Ionis Pharmaceuticals, in a partnership with Roche, has announced that the enrollment has been completed for the third phase of GENERATION HD1, a trial intended to study the safety and efficacy of tominersen. 791 participants have been enrolled in this trial, with sites spanning 100 locations around the world. This medication is an antisense treatment for Huntington’s disease.
About Huntington’s Disease
Huntington’s disease is a progressive, neurological condition that sees the deterioration of the brain. It causes the loss of mental and physical functions. This disease is very rare, affecting three to seven of every 100,000 people. It tends to affect those of European ancestry, with diagnosis typically occurring from age 30 to 40.

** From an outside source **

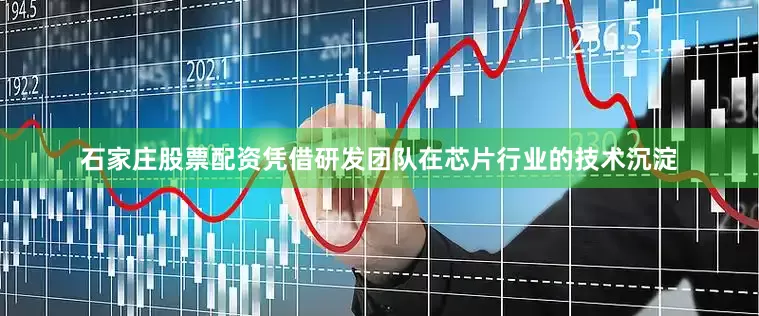 石家庄股票配资凭借研发团队在芯片行业的技术沉淀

The HTT gene is mutated in those with this condition, and it creates the instructions for the protein huntingtin. The exact purpose of this protein is unknown, but doctors believe that it is involved in the health of neurons. It accumulates in long chains due to the mutation and it will then bind to neurons which lose function and die. This gene is inherited in an autosomal dominant pattern, meaning only one parent has to pass down the mutated gene for a child to be affected.

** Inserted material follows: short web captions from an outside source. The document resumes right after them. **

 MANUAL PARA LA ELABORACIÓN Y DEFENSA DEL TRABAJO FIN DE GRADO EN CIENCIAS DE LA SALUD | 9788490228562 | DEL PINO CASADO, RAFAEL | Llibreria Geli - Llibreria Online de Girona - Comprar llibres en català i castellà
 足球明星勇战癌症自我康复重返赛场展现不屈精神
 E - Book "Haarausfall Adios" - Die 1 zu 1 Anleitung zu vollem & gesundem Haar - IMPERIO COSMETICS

Huntington’s symptoms fall into one of three categories: emotional issues, cognitive decline, or uncontrolled motor symptoms. The first form of symptoms may manifest as personality changes, mood swings, anxiety, depression, and impulsive behavior. Cognitive decline sees effects such as poor decision-making, forgetfulness, and issues with learning and retaining new information. The last category includes symptoms like twitching, shrugging, and issues with walking, coordination, and swallowing. Chorea, or uncontrolled movements, is one of the most common effects.

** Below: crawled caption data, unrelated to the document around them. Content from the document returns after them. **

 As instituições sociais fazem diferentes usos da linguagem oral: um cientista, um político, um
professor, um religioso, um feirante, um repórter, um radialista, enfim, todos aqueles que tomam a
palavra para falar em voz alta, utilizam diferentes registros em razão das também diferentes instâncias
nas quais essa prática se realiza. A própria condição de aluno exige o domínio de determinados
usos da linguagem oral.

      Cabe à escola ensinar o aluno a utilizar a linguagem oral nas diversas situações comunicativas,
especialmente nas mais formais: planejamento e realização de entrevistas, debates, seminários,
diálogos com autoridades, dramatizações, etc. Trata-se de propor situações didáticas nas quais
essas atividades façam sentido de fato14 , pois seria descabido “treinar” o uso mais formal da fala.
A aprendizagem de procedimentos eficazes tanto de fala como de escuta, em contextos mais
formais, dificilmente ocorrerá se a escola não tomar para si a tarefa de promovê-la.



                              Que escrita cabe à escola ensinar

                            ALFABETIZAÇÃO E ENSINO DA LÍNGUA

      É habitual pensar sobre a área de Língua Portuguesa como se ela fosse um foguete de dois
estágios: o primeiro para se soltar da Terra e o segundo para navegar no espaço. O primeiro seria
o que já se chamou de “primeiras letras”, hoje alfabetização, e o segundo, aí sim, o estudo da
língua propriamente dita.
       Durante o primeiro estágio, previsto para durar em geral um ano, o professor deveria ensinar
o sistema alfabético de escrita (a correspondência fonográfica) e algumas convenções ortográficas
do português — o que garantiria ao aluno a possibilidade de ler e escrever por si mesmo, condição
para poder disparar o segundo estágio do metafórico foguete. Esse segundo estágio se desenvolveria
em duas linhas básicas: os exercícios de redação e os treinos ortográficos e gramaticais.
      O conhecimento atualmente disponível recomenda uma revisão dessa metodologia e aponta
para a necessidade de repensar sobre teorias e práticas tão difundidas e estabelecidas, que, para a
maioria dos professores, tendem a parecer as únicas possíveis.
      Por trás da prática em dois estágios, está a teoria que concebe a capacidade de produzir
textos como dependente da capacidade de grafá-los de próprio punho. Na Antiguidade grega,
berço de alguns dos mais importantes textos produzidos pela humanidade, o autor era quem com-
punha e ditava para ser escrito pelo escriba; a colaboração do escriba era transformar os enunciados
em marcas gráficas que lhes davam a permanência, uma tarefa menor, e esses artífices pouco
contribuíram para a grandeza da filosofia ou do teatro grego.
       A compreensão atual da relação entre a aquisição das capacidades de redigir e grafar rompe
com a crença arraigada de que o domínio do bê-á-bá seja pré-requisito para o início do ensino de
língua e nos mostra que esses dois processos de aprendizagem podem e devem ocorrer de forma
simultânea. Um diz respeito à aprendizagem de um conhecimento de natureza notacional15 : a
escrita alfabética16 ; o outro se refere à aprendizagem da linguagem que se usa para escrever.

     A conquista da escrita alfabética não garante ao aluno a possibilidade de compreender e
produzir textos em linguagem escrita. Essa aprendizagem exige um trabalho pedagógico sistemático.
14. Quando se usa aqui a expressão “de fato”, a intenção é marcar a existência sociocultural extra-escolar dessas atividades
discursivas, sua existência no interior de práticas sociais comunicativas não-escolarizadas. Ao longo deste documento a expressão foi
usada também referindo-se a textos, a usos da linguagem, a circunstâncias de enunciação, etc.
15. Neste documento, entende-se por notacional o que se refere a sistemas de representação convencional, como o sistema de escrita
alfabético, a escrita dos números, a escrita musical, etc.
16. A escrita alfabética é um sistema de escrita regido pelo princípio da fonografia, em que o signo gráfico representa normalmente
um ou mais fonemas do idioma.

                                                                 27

Genetic testing is the major method used to diagnose this disease, as people are typically aware that Huntington’s runs in their family. Once a diagnosis is obtained and symptoms begin, treatment is symptomatic. Anti-psychotic drugs or dopamine-depleting drugs are used to suppress chorea. Doctors may also prescribe anti-depressants, neuroleptics, and antiepileptic drugs.
Tominersen is an antisense therapy that is intended to reduce the production of the huntingtin protein. It is the first therapy of its kind to combat the underlying cause of HD.
It was previously investigated in Phase 1/2, a 13 week, placebo controlled study. Results proved that it has a favorable safety and tolerability profile. Reductions in the huntingtin protein were also shown.
About Phase 3
The Phase 3 clinical trial is known as GENERATION HD1. It will further evaluate the safety and efficacy of tominersen. It will be administered every two or four months for 25 months and face comparison to a placebo. Its end is expected in 2022.
If this study is successful, tominersen will be the first disease-modifying treatment for Huntington’s disease. It has the potential to better the lives of many.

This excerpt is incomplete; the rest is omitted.